C++ Pitfalls of Online Procedural Worlds

*Crickets*

Okay, maybe it’s time for me to make a blog post about something. Let me see… Well, maybe I should talk a bit about some interesting bugs I’ve had fun with while working on my pet MMORPG project. These bugs were related to procedural world generation and they were really kinda annoying to track down. They were caused by some silly misconceptions and wrong assumptions I had about the C++ standard library. I would have loved to have known about these things before, so consider this post a public service announcement for other people planning to dabble in procedural world generation for an online game, or more generally, writing code that always generate the same results across multiple platforms.

The basic premise of generating random stuff⌗

So, let’s imagine a game. More specifically an online game with a server-client architecture. Let’s say that we want some kind of RPG (or whatever) set in a randomly generated world. That’s pretty neat, right, then we don’t have to make it ourselves by hand. Big brain move. Furthermore, it allows us to keep generating new worlds to provide more variety for the players.

How are we going to implement it? The simplest way would be to generate the world on the server and then send it to the clients when they connect. This could very well work, but it seems quite wasteful. If we let the clients generate the world as well, only the seed for the random number generator needs to be sent by the server.

That’s all rainbows and unicorns while running everything, both server and client, locally on your Windows computer while developing your game. In the real world when releasing your game, however, you probably want to run your servers on some nice cheap Linux system in the cloud. You can use WSL and Docker to make it really nice and easy for yourself.

The problem materializes in front of you when you try to connect your Windows client (built with Visual Studio) to your Linux server (built with something like clang).

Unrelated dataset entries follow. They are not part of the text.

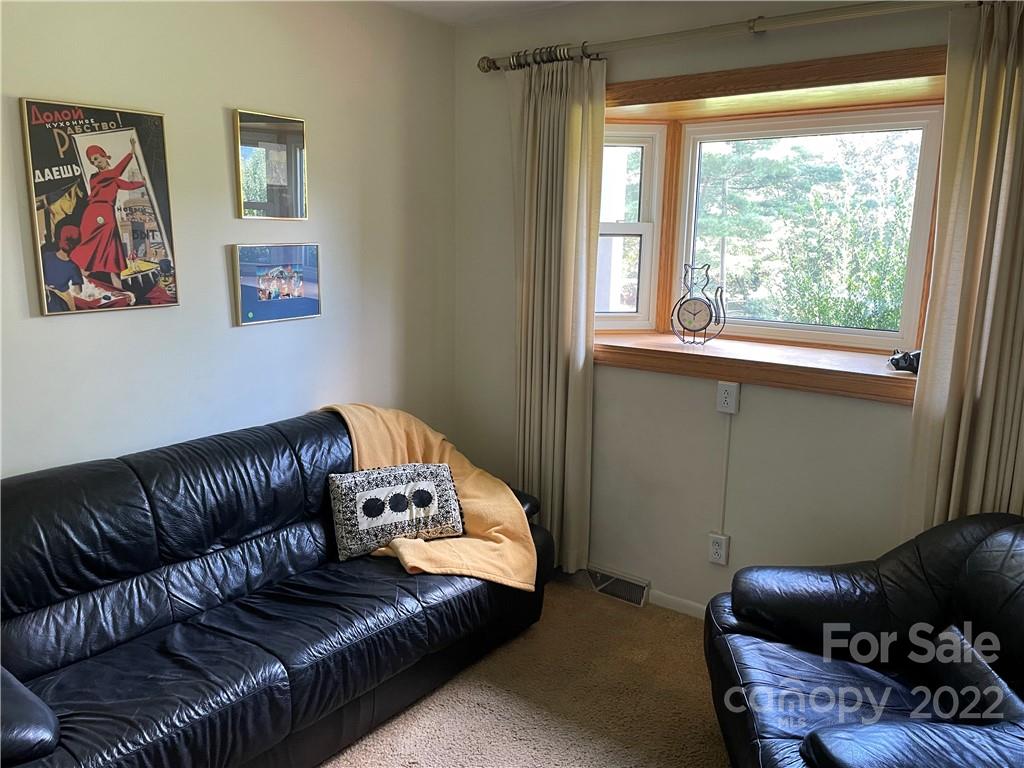 Living room with black leather sofas and a large wood-trimmed window overlooking trees.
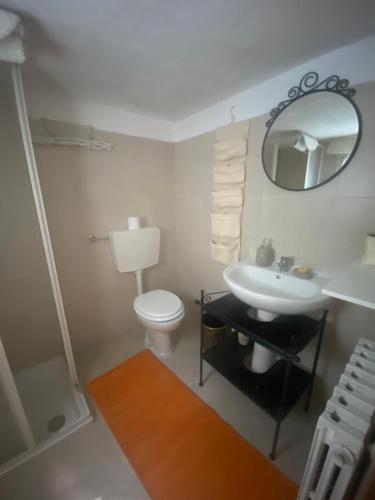 ein Badezimmer mit einem Waschbecken, einem WC und einem Spiegel in der Unterkunft Nicoletta Spirito del Tibet in San Leo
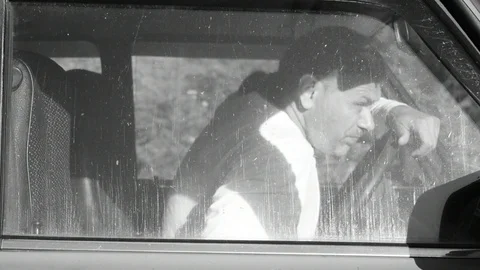 Gets in the car, side view Stock Footage 112917533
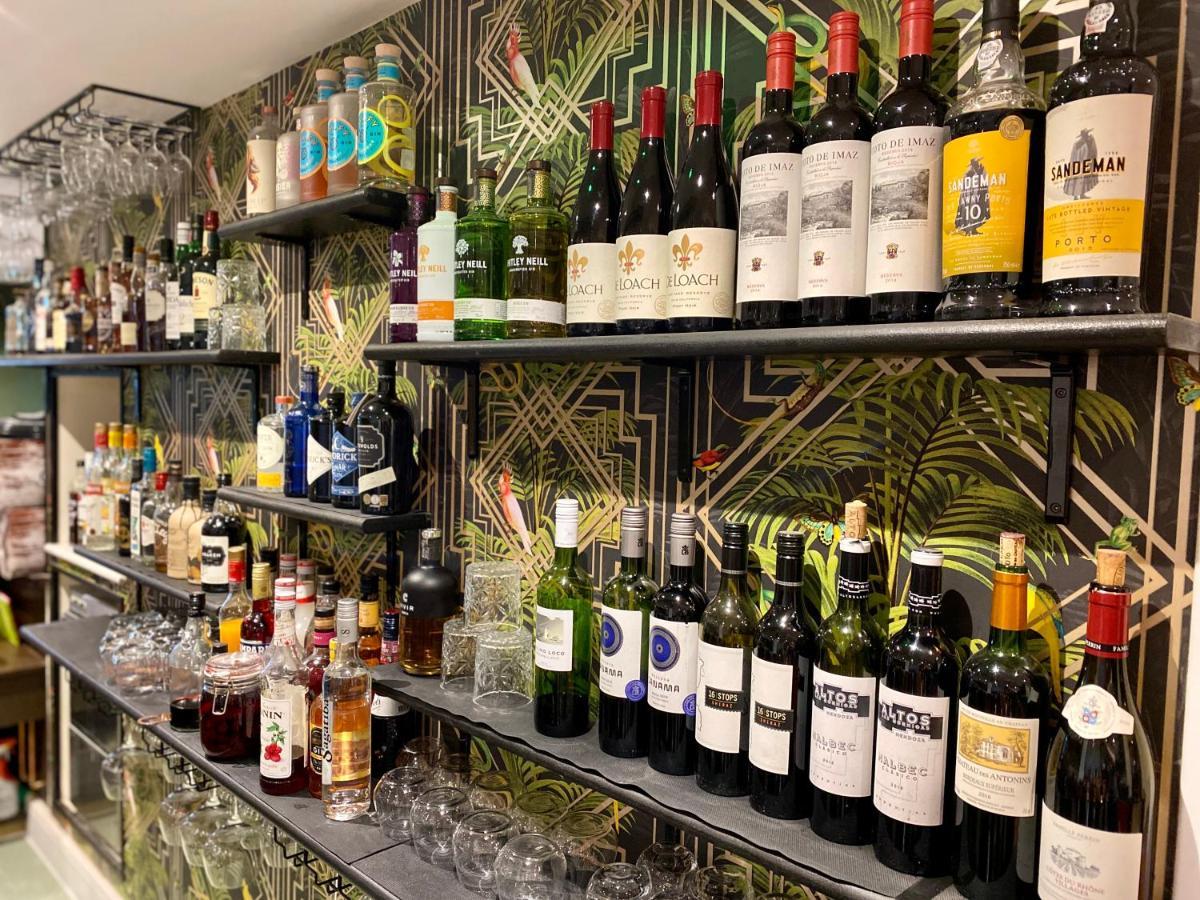 The Lion At West Pennard Hotel Exterior photo A selection of wine and spirits at the bar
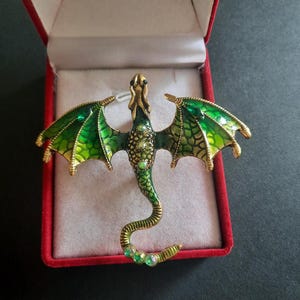 Peut inclure: Broche en forme de dragon avec des ailes et un corps émaillés verts et dorés. Le dragon a une longue queue incurvée et est orné de strass verts. La broche est présentée dans un écrin en velours rouge.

Lesson 0: Make debugging easier⌗

TL;DR: Hashes. Hashes everywhere.

In my case, all I knew was that something was wrong and I didn’t notice it before playing the game. The server and the client were in slight disagreement regarding how the world looked. I’d be able to catch this much earlier if I had been a better prepared:

Provide some kind of master hash value of your generated world. The server should send this to the client, which will then be able to quickly see if it’s getting the expected result.
Procedural world generation often happens in a series of discrete steps. For example, maybe the landscape is created first, then the trees are added, then monsters, etc. Make it easy to generate a hash of each of these steps, which will make it obvious to see when results diverge.

Lesson 1: Sorting⌗

TL;DR: std::sort() isn’t completely platform independent.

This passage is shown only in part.